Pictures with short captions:
--------------------------------

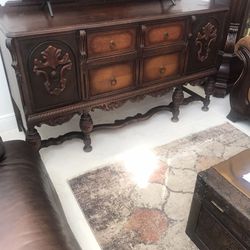 Beautiful Antique Buffet Made In 1933 For Sale! Free Delivery 🚚 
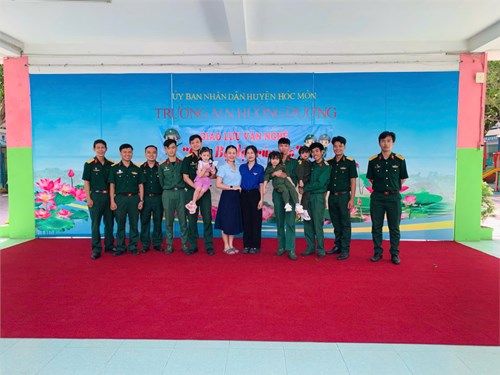 Giao lưu văn nghệ  Chú bộ đội của Bé 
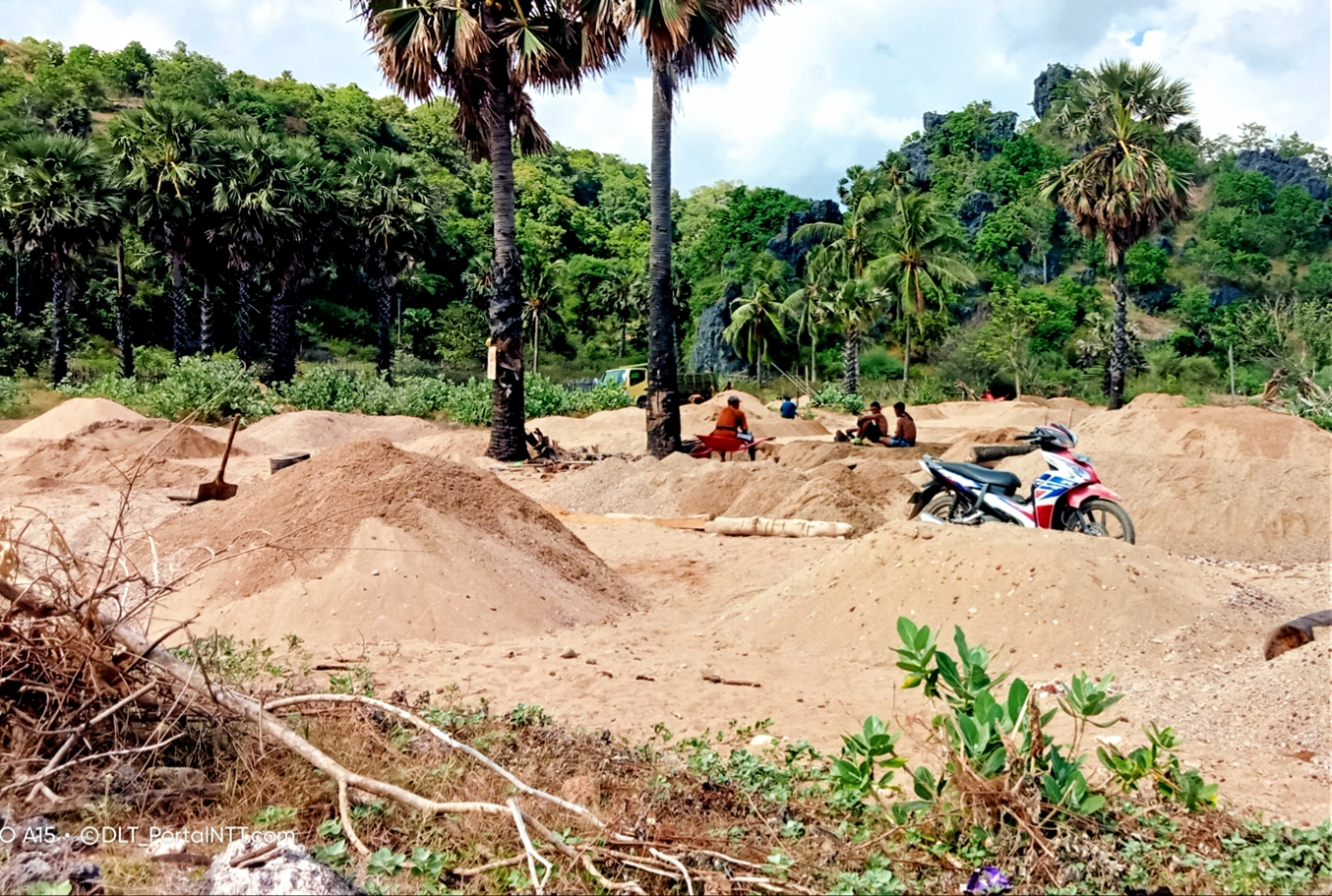 Aktivitas Tambang Pasir Ilegal Masih Terjadi Di Rote Ndao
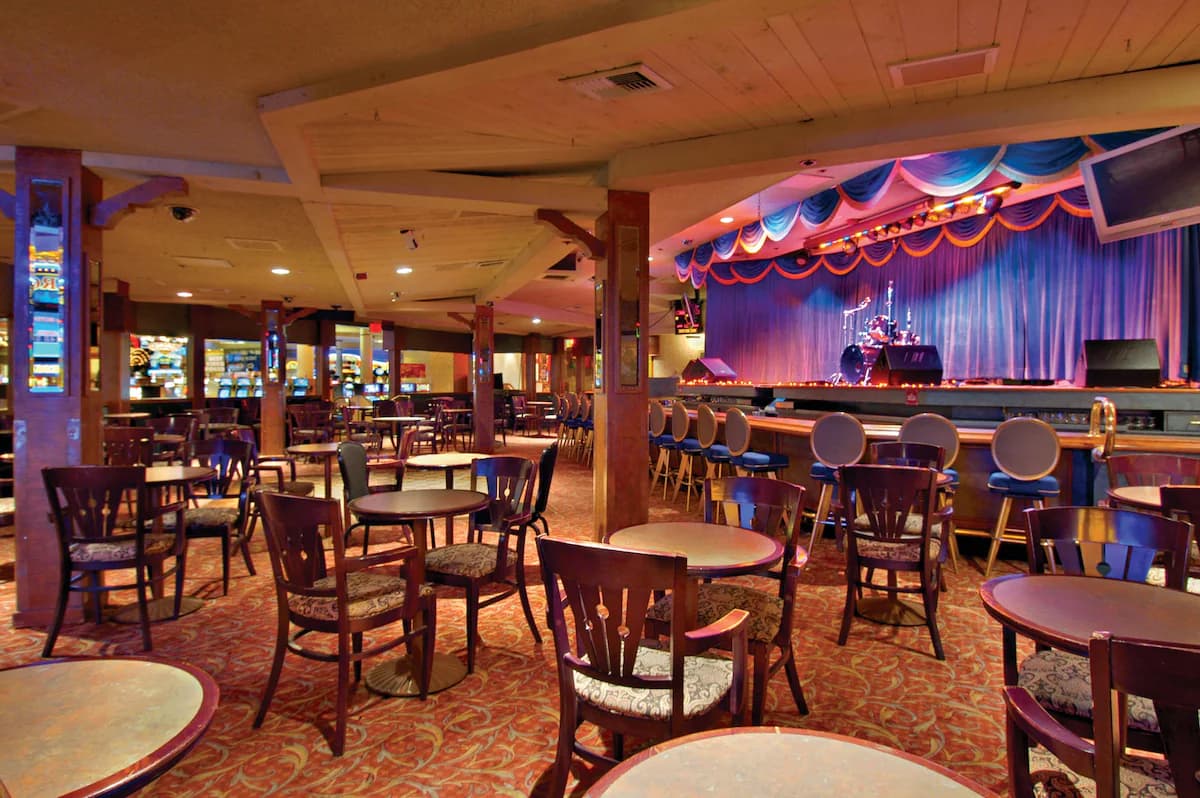 Sam's Town Hotel & Gambling Hall - 5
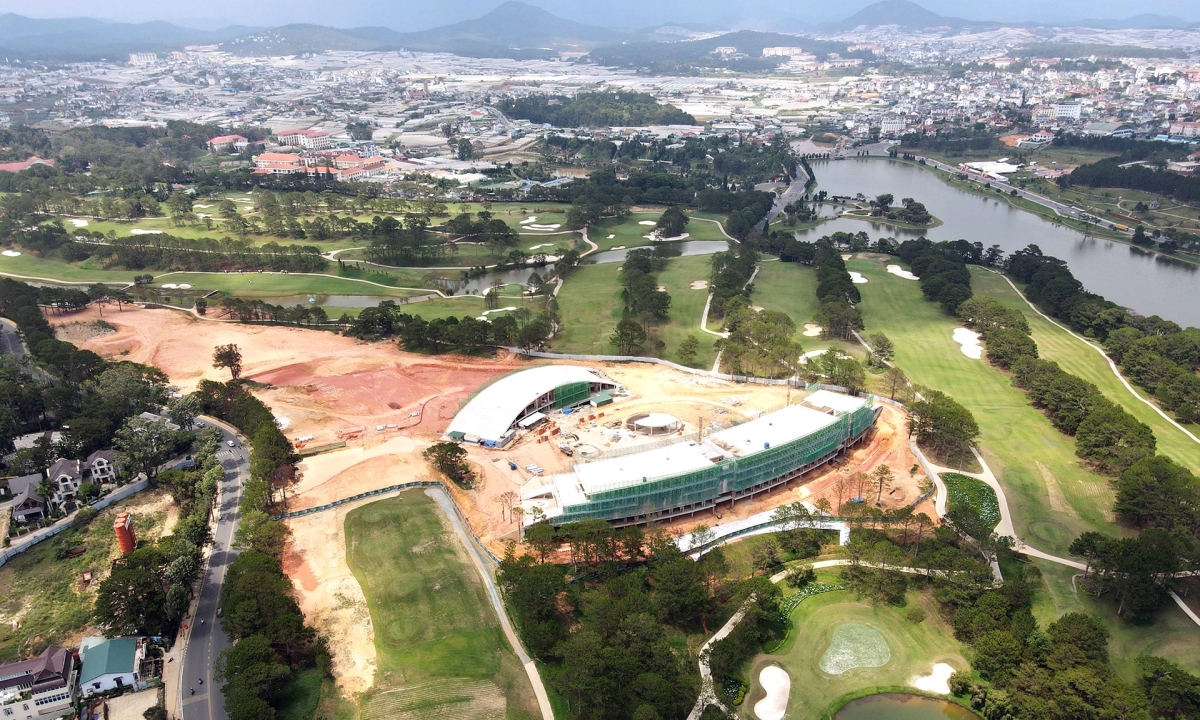 Lâm Đồng rà soát toàn bộ dự án tòa nhà câu lạc bộ golf Đồi Cù ở Đà Lạt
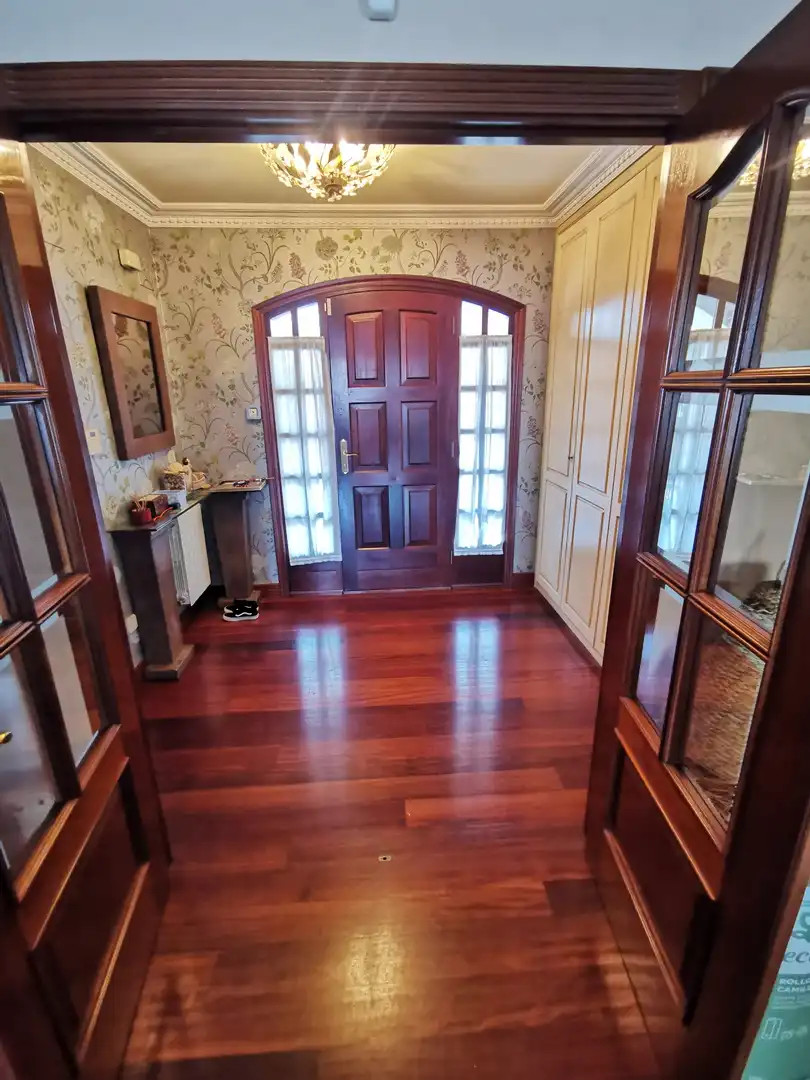 Casa o xalet en venda en Castro-Urdiales amb Calefacció, Jardí privat i Terrassa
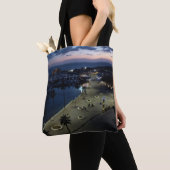 パホス城と夜の港,キプロス トートバッグ (クローズアップ)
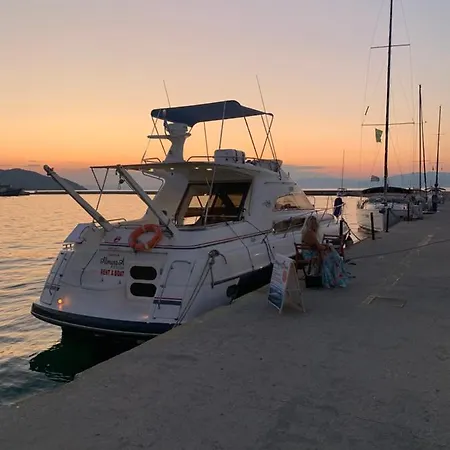 Yacht Almyra A Botel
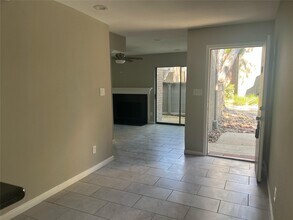 6601 Sands Point Dr in Houston, TX - Foto de edificio - Building Photo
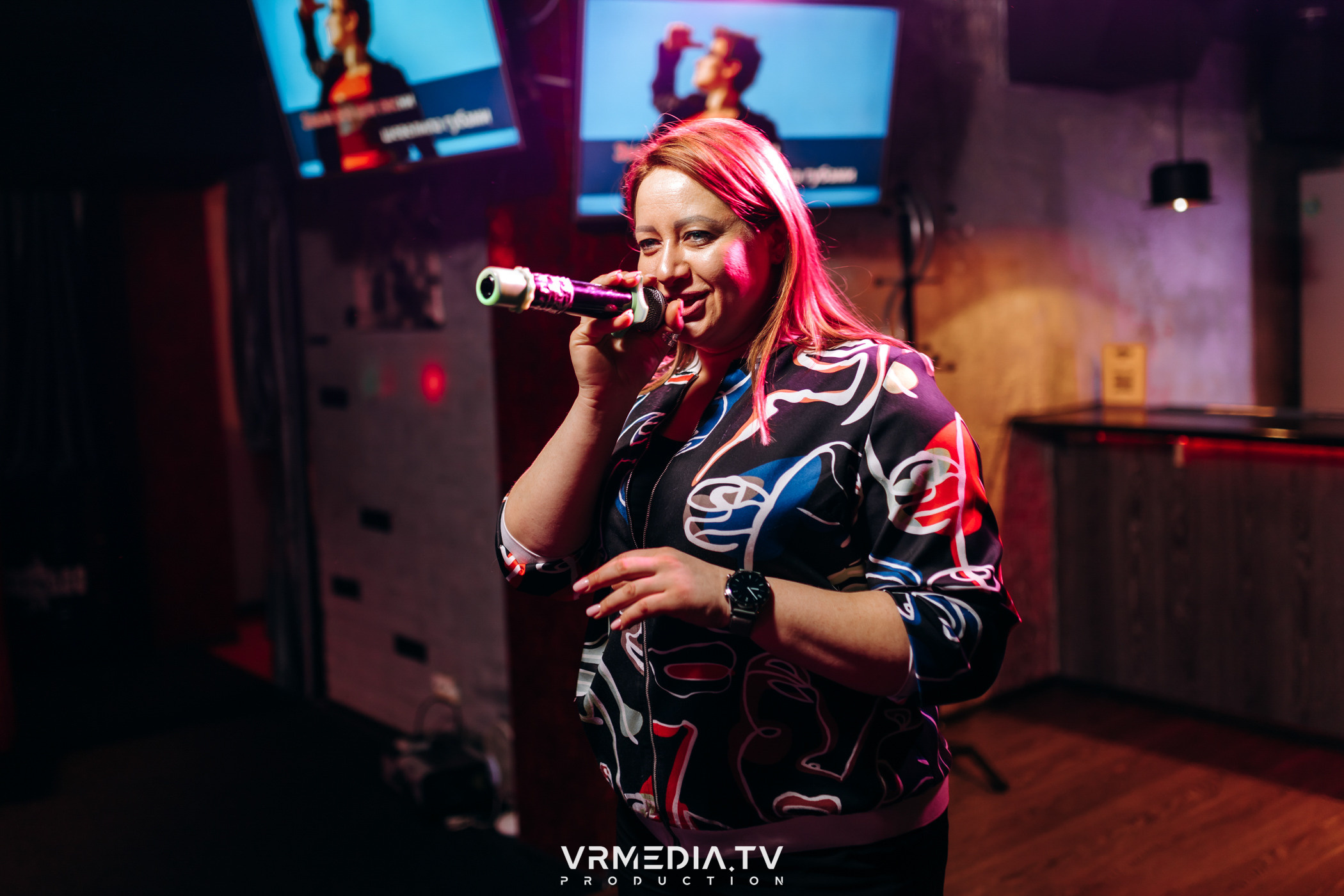 Международный женский день в караоке-баре «Chicago»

--------------------------------

The entries above should be written out in full, and any picture in them left out.

**Your solution:**
 Beautiful Antique Buffet Made In 1933 For Sale! Free Delivery 🚚 
 Giao lưu văn nghệ  Chú bộ đội của Bé 
 Aktivitas Tambang Pasir Ilegal Masih Terjadi Di Rote Ndao
 Sam's Town Hotel & Gambling Hall - 5
 Lâm Đồng rà soát toàn bộ dự án tòa nhà câu lạc bộ golf Đồi Cù ở Đà Lạt
 Casa o xalet en venda en Castro-Urdiales amb Calefacció, Jardí privat i Terrassa
 パホス城と夜の港,キプロス トートバッグ (クローズアップ)
 Yacht Almyra A Botel
 6601 Sands Point Dr in Houston, TX - Foto de edificio - Building Photo
 Международный женский день в караоке-баре «Chicago»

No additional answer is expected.